What you are asked to do: Your answer should contain only the lines from the top of the data below down through the one with "Glass Assorted Tall", transcribed exactly and without pictures; please include nothing more.

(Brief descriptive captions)
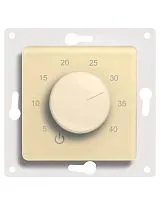 Термостат механический Th-HF-G-B 16А 3.6кВт для теплых полов датчик пола с возможн. установкой в рамку Schneider Glossa беж. Extherm Th-HF-G-B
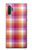 W3941 LGBT Lesbian Pride Flag Plaid Hülle Schutzhülle Taschen und Leder Flip für Samsung Galaxy Note 10 Plus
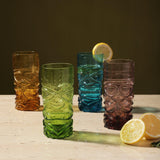 Glass Assorted Tall Tiki Glass- Set Of 2 - The Decor Mart 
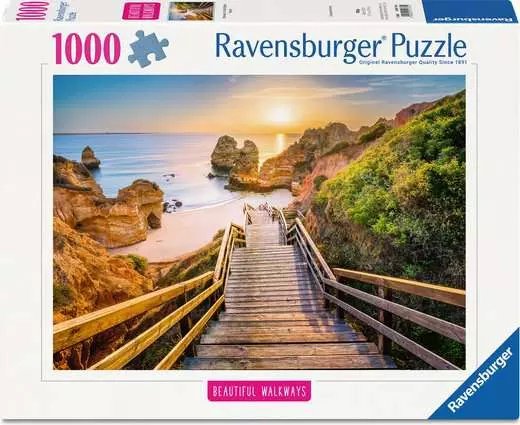 Ravensburger Puzzle Hermosas Pasarelas - Escaleras Wood a Praio Do Camillo 1000 Pieces 12001761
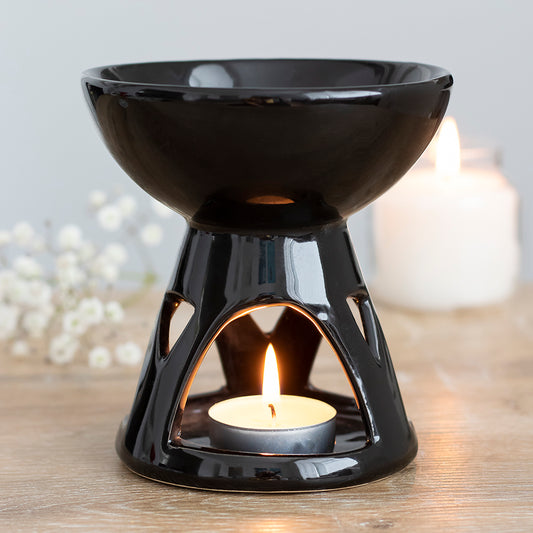 Black Deep Bowl Oil Burner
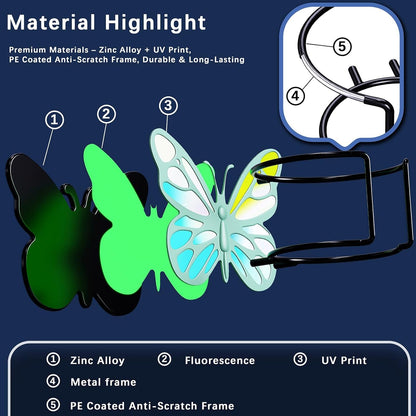 Stanley Butterfly Magnetic Fridge Cup Holder - Glow-in-the-Dark Design, Space-Saving Tumbler Organizer
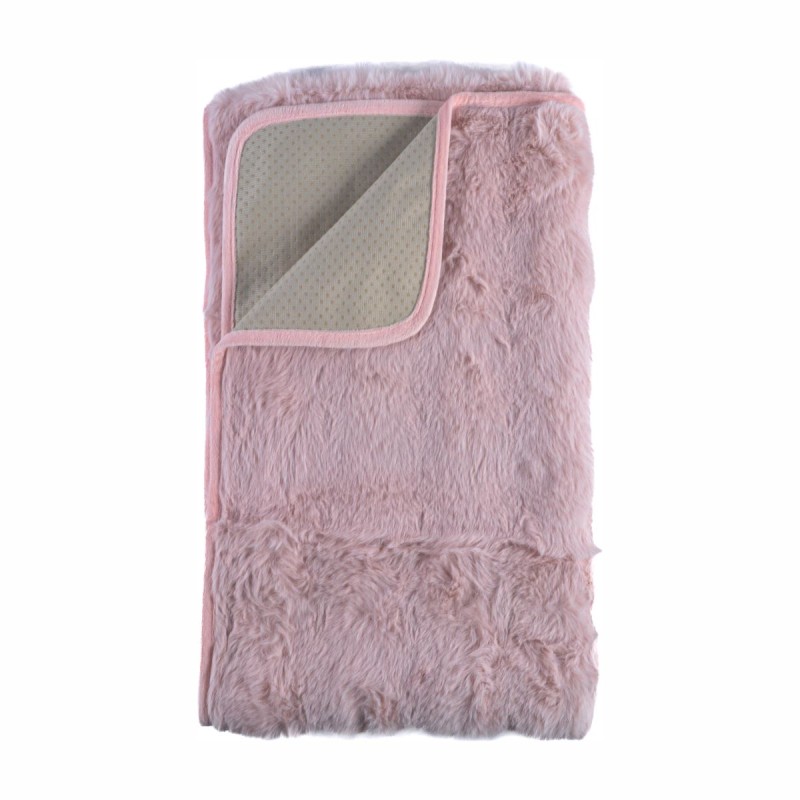 Cuvertura Canapea, Naimeed D4878L, 70x240cm, poliester, pufoasa, Roz Cuvertura Canapea, Naimeed D4878L, 70x240cm, poliester, pufoasa, Roz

Answer area:
 Термостат механический Th-HF-G-B 16А 3.6кВт для теплых полов датчик пола с возможн. установкой в рамку Schneider Glossa беж. Extherm Th-HF-G-B
 W3941 LGBT Lesbian Pride Flag Plaid Hülle Schutzhülle Taschen und Leder Flip für Samsung Galaxy Note 10 Plus
 Glass Assorted Tall Tiki Glass- Set Of 2 - The Decor Mart 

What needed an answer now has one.